Defendants/third-party plaintiffs Farinella Sam, Architects and Peter F. Farinella, R.A. (collectively, "Farinella") cross-move pursuant to CPLR 3025(b) for leave to amend the third-party complaint.
This action stems from a real-estate project undertaken by plaintiffs which failed to meet their expectations allegedly due to the faulty work performed by Farinella. As alleged in the complaint, plaintiff M R European Construction Corp. ("M R") hired Farinella to provide a zoning analysis and expansion potential of a building it was considering buying in Manhattan's Chelsea area. After completing its analysis, Farinella advised M R that the building could be vertically expanded to a maximum height of 120 feet, which would yield 8,405 additional square feet available for development. Relying on this advice, M R created plaintiff 237 Chelsea LLC ("Chelsea") and bought the building through it. Thereafter, Chelsea sought to expand and develop the building in accordance with Farinella's advice, and hired K Square to prepare the formal architectural plans for their proposed expansion.
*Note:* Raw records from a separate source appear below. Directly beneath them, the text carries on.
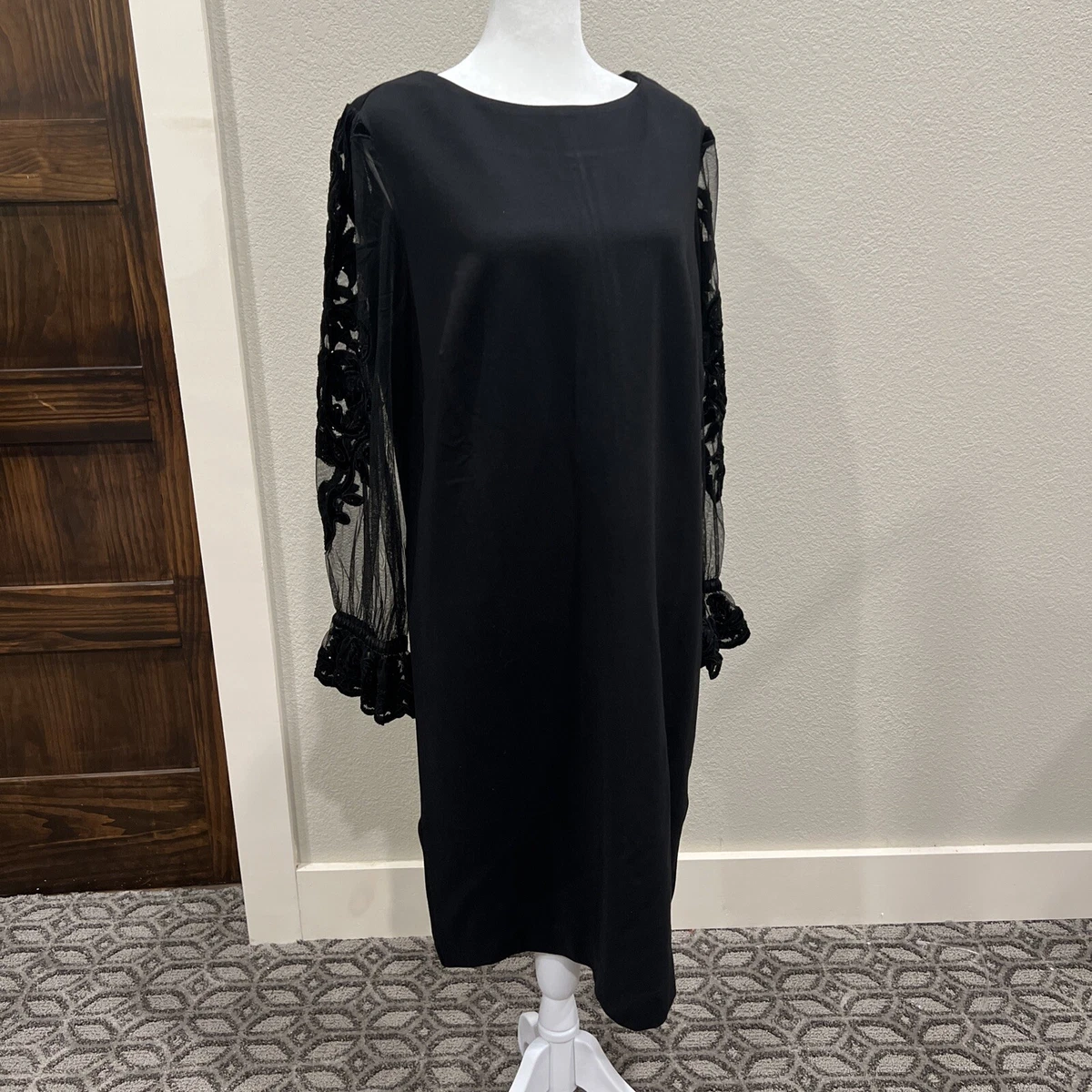 Chico Dress Women Size 2 Black Short Velvet Appliqu NWT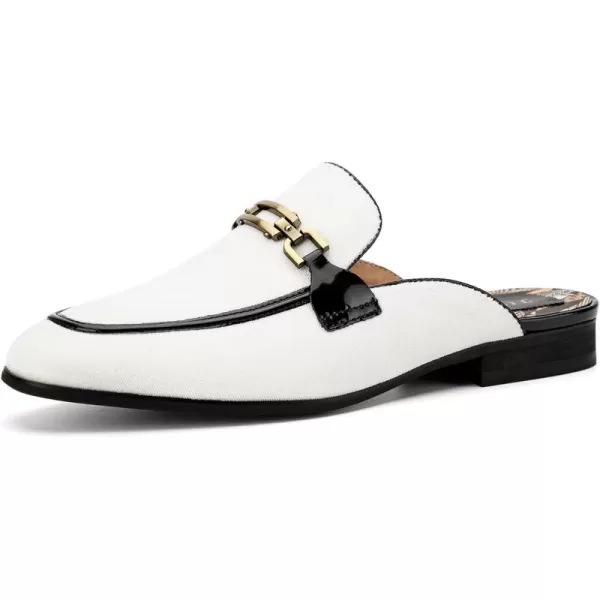 JITAI Mens Mules Velvet Slippers SlipOn Loafers for Men Casual Open Backless SandalsWhite131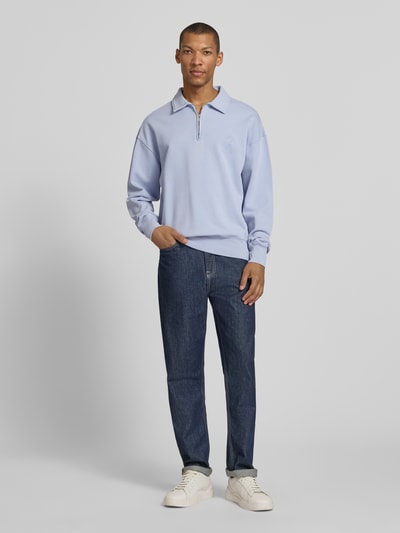 ARMEDANGELS Relaxed Fit Troyer aus reiner Bio-Baumwolle Modell 'ICONIC Å GMT' Hellblau 1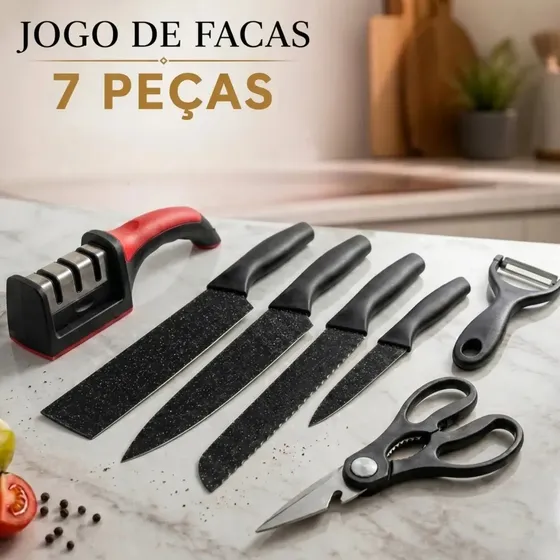 Jogo de Facas Conjunto 6 Peças Aço Inox Afiador Preto Cozinha Churrasco Aquattro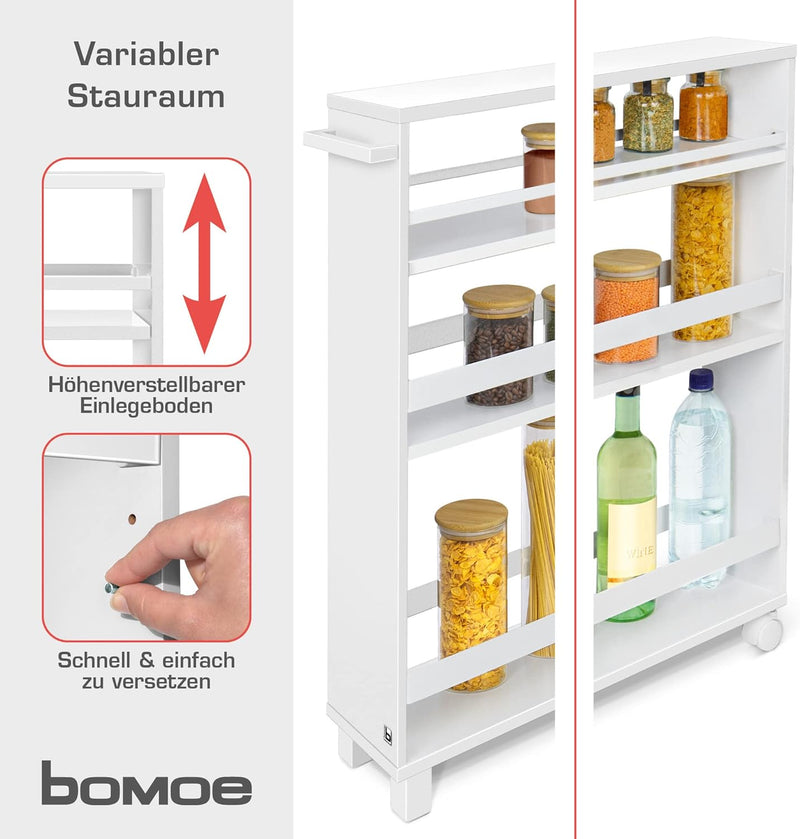 bomoe Nischenregal 15cm breit – Küchenwagen Küchenregal Schmal – Rollwagen Schmal 3 Fächer & Arbeits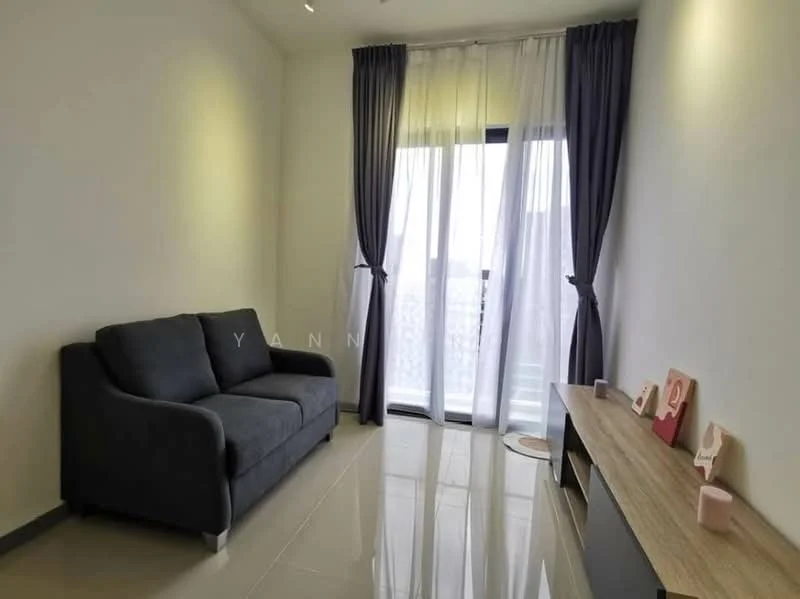 Living features: grey fabric 2-seater sofa, floor-to-ceiling windows, sheer curtains, glossy tile flooring, wooden console table, decorative items on console, neutral wall colour, recessed ceiling lights; style: modern.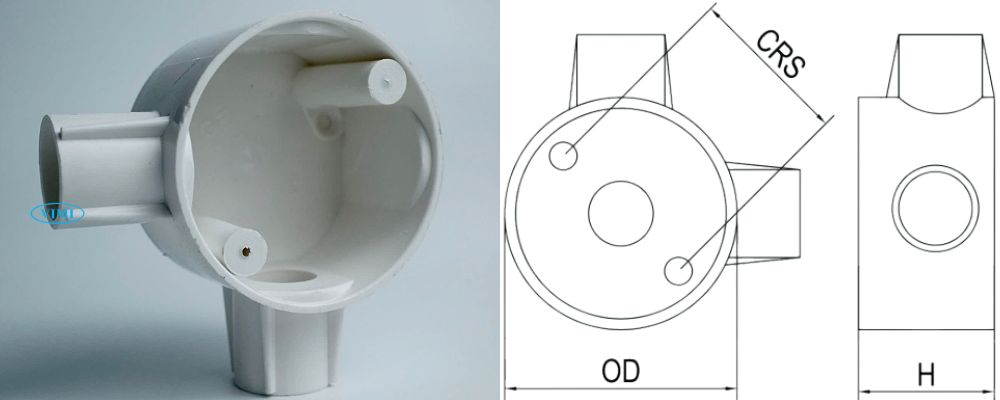 Hộp chia ống dây điện PVC GS bản vẽ hộp chia ống dây điện pvc gs 2 ngã vuông cao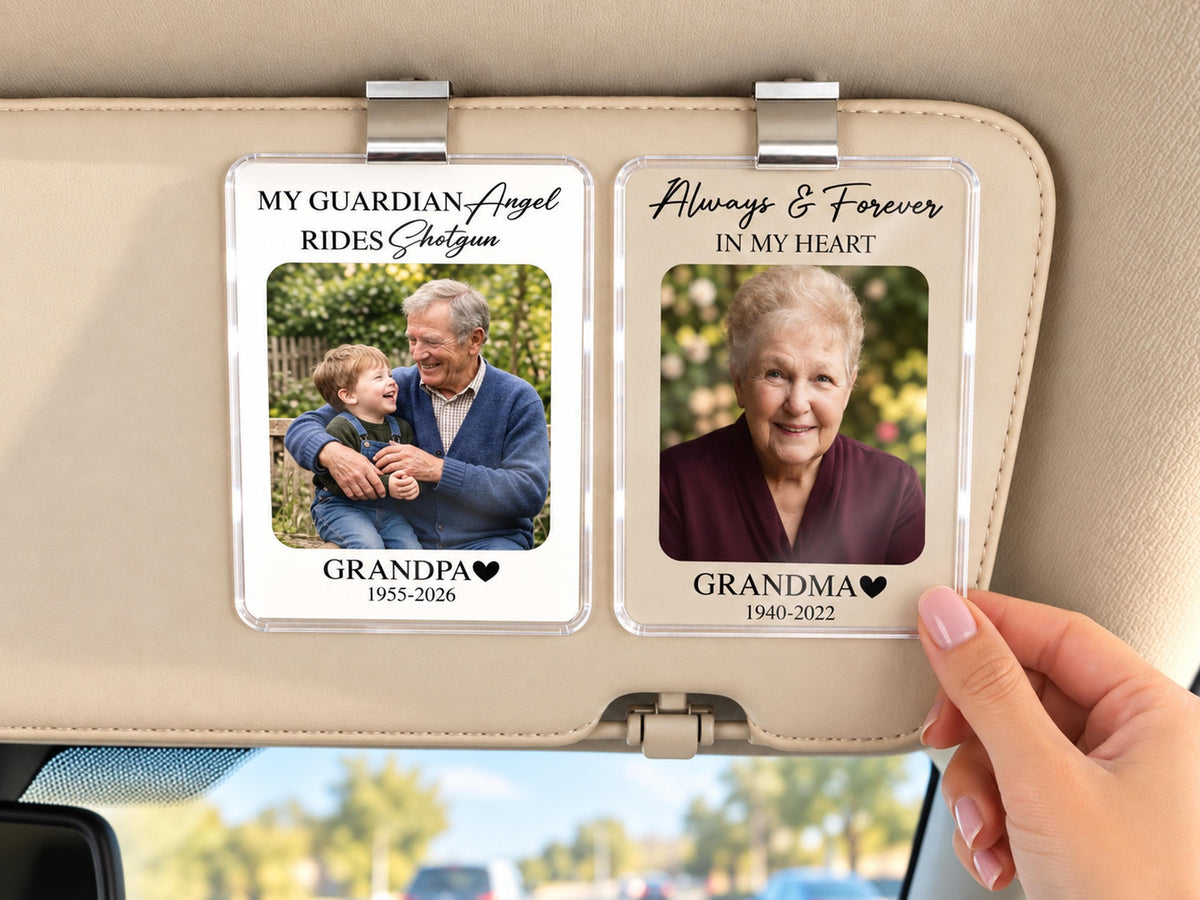 Personalized Memorial Photo Car Visor Clip, In Loving Memory Gifts, Drive Safe Gifts for Him, Sympathy Gift, Custom Loss of Dad Mom Keepsake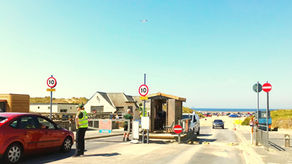 Beach car parks closed due to high tides until 15th August and temperatures will soar to 32°C today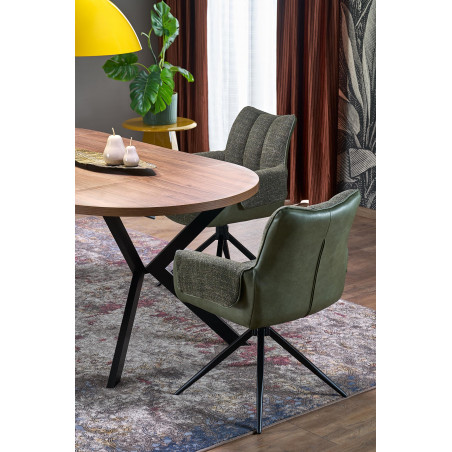 Stół okrągły rozkładany loft Peroni 100cm orzech / czarny Halmar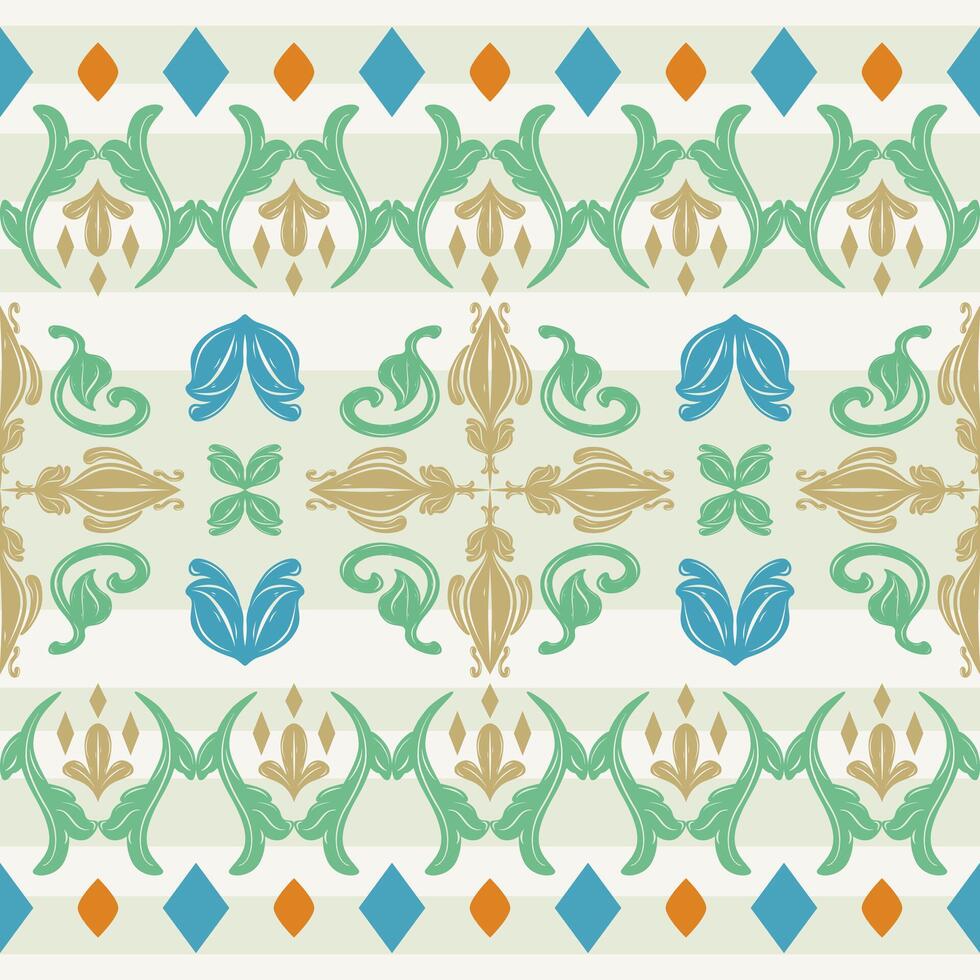 Baroque Rococo Seamless Border Pattern with Cool Refreshing Bright Warm Color Blue Green Gold Orange on White Background. Luxury Elaborate Handicraft Rich Textiles Fabrics Medieval Style Garment Scarf vector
Plaintiffs' application for the conversion and enlargement of the premises in accordance with Farinella's analysis was denied by the Buildings Department on the ground that the "Sliver Law" (ZR 23-692) limited the maximum height of the building to 60 feet, not the 120 reported by Farinella. Chelsea filed multiple appeals of that decision, all of which were rejected. Thereafter, plaintiffs brought this action for negligence and architectural malpractice to recover more than $2 million in damages from Farinella. Plaintiffs have not brought any direct claims against K Square, the architects hired by plaintiffs to draw up the building plans, but Farinella brought a third-party action herein seeking indemnification and contribution. K Square now moves to dismiss that third-party complaint.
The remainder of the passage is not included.